ENTRIES PROVIDED:
* * * *

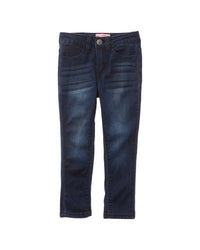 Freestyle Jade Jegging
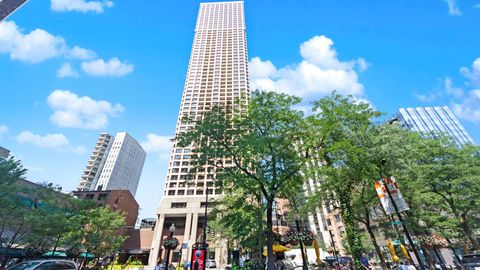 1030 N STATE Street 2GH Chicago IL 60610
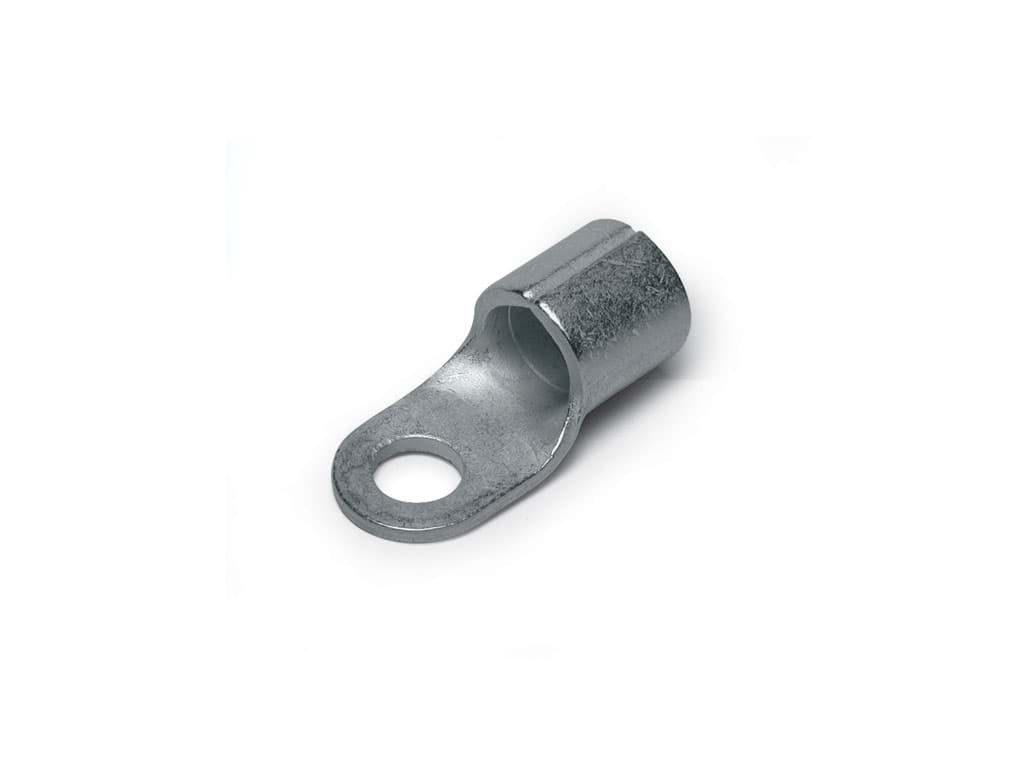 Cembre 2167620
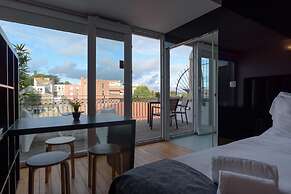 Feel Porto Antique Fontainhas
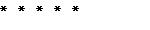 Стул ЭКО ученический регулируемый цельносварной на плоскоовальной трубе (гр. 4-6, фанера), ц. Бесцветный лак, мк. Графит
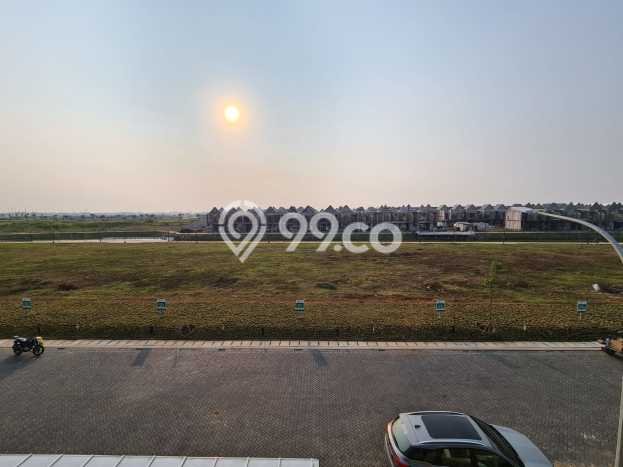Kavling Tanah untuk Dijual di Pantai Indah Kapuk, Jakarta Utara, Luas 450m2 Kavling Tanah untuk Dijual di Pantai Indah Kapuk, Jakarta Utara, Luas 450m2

* * * *

AIM OF THE TASK: Everything in the material except the pictures should be restated word for word.

OUTPUT BELOW:
 Freestyle Jade Jegging
 1030 N STATE Street 2GH Chicago IL 60610
 Cembre 2167620
 Feel Porto Antique Fontainhas
 Стул ЭКО ученический регулируемый цельносварной на плоскоовальной трубе (гр. 4-6, фанера), ц. Бесцветный лак, мк. Графит
Kavling Tanah untuk Dijual di Pantai Indah Kapuk, Jakarta Utara, Luas 450m2 Kavling Tanah untuk Dijual di Pantai Indah Kapuk, Jakarta Utara, Luas 450m2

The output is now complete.